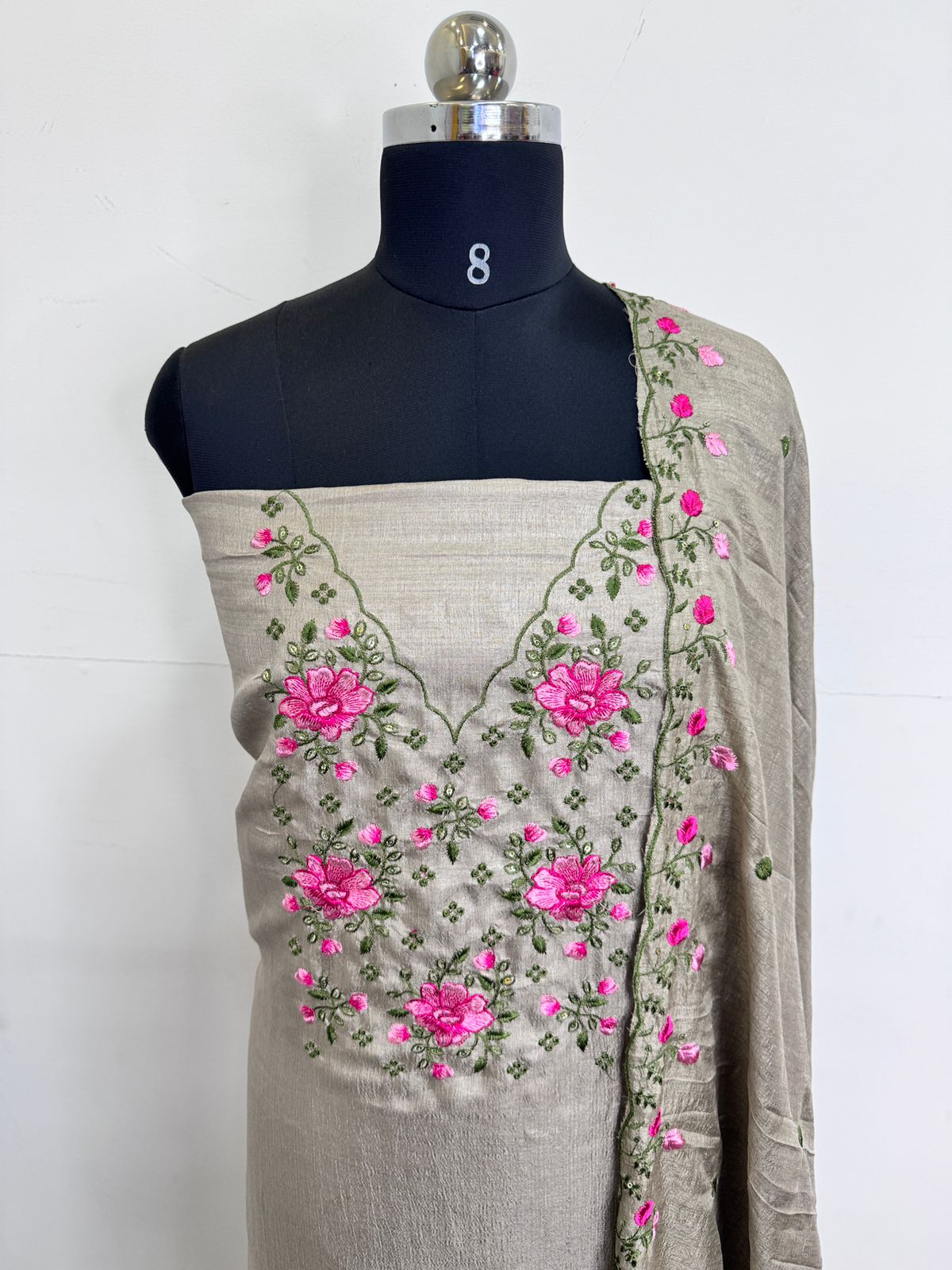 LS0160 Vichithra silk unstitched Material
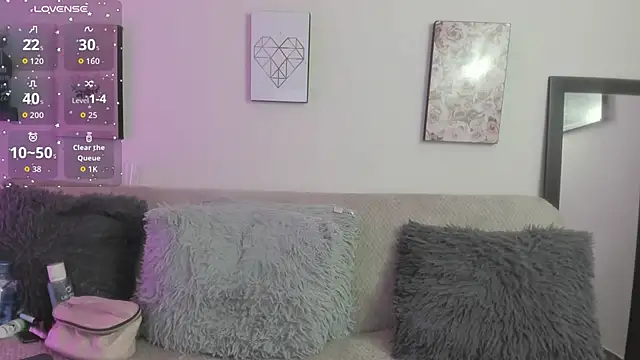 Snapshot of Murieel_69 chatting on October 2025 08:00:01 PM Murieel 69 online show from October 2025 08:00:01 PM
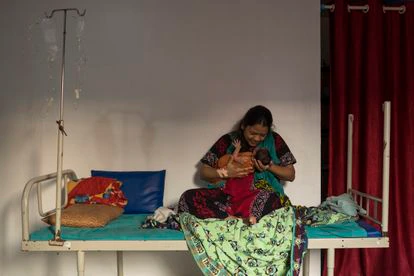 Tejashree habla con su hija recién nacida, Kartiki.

—————

• Goal of the exercise:
Where a picture appears, skip it; repeat everything else in the data exactly.

• Task output:
 LS0160 Vichithra silk unstitched Material
 Snapshot of Murieel_69 chatting on October 2025 08:00:01 PM Murieel 69 online show from October 2025 08:00:01 PM
 Tejashree habla con su hija recién nacida, Kartiki.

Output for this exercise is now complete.